**WHAT IS EXPECTED**.
Print every line of the data exactly as shown.

**EXERCISE DATA**.
Content starts

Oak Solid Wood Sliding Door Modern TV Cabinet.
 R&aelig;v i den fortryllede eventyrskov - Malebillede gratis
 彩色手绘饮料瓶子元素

Content ends

**THE ANSWER**.
Oak Solid Wood Sliding Door Modern TV Cabinet.
 R&aelig;v i den fortryllede eventyrskov - Malebillede gratis
 彩色手绘饮料瓶子元素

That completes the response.